The problem with joining the Conservative Party seems to be that, as an ordinary member, you will be confined to pushing leaflets through letterboxes. As anything else, you will be nagged and even bulled to the point where you may eventually throw yourself under a railway train. Probably a better idea to find an external platform from which to spray scorn at the whole process.
Tactfully put, as always.
Not for the first time Keir expresses view very similar to my own. I too prefer a Conservative government to a Labour one – the less intrusive and lesser of two evils. Perhaps uncharacteristically I too regret the collapse of the Liberal Democrats. They deserved better, have a smattering of liberalism and better them than Labour. I’m more optimistic about UKIP. I don’t suppose Keir is Zsa Zsa Gabor or even her sister Eva, but c.4,000,000 people voted UKIP – almost 3 times those who voted SNP who won 56 seats. They’d have gained 100 MPs under PR, but only 1 under FPTP – how fair’s that? I’d call it the beginning of a revolution. Even 1642, 1776, 1789 and 1917 all had their origins years before.

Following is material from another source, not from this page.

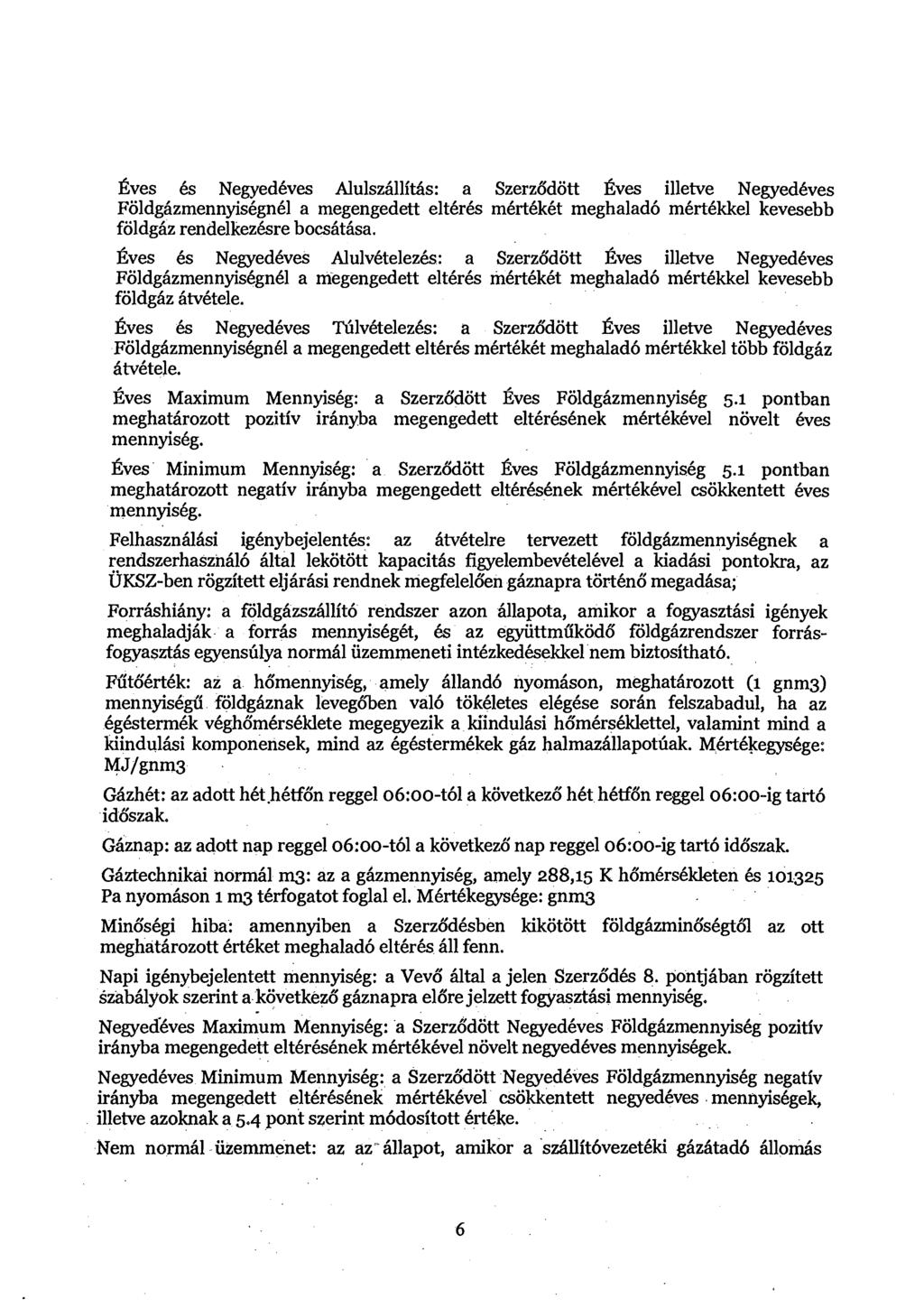 fives 6s Negyed6ves AlulszhllitAs: a Szerzddott fives illetve Negyedbves Foldghzmennyis6gn61 a megengedett elt6r6s m6rt6k6t meghalad6 m6rt6kkel kevesebb foldghz rendelkezhre bocshthsa.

I agree too with his comment on Islamic State. UK military action serves to stoke the fierce fires of warfare in the Middle East. Our forces and governments should never have ventured there but rather left the natives, sans oil revenue, to their camels and goats. The hideously damaging obverse side of that same coin is also true – the invitation by the UK, EU and many of its member states to millions of Muslims here since the end of World War II. A Balkanised Europe is steadily emerging from the demographic change in government imposed mass immigration, the cultural impact is measured *not* by the net immigration figures here of over 300,000 per year, but rather the gross figure of over 900,000 (immigration *plus* emigration). The UK and EU governments won’t be so sanguine when ever larger pockets of the caliphate emerge. Nor will the trendy Left with their espoused love of diversity, most of which Islamists hate, nor will the imbecile Justin Welby when inner city churches are told to close because they are un-Islamic!